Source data
-- Opening Marker --

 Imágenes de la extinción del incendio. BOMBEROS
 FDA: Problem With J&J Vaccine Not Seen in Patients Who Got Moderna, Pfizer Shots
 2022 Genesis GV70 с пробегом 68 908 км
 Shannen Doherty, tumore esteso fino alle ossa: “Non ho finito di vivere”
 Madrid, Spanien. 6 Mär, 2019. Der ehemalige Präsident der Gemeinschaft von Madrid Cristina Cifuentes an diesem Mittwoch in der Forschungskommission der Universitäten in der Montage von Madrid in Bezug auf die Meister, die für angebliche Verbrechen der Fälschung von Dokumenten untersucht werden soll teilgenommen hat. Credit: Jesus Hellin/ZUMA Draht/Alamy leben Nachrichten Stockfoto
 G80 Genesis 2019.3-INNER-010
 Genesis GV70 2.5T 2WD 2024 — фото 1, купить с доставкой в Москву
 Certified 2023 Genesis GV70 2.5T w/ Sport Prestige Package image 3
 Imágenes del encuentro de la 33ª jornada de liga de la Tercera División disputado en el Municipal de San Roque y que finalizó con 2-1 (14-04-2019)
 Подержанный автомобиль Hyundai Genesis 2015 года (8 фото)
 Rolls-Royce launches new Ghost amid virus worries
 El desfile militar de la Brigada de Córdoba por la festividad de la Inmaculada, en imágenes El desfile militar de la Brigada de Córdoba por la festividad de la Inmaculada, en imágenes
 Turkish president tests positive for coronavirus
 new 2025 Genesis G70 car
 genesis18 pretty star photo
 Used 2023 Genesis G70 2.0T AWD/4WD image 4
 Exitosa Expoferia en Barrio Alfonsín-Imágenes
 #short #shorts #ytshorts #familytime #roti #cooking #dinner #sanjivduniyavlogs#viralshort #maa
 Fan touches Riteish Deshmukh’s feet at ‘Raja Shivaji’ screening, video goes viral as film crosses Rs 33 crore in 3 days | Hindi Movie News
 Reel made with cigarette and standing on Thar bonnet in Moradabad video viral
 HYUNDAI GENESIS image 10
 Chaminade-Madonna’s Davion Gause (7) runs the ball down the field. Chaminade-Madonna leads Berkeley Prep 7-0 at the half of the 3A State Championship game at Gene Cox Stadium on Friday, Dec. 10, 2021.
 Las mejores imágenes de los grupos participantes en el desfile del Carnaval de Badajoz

-- Closing Marker --

[What you have to do] Repeat only what lies between the first line of the data and the line containing "Shannen Doherty, tumore", both of those lines included, exactly as it stands.

[Solution]
 Imágenes de la extinción del incendio. BOMBEROS
 FDA: Problem With J&J Vaccine Not Seen in Patients Who Got Moderna, Pfizer Shots
 2022 Genesis GV70 с пробегом 68 908 км
 Shannen Doherty, tumore esteso fino alle ossa: “Non ho finito di vivere”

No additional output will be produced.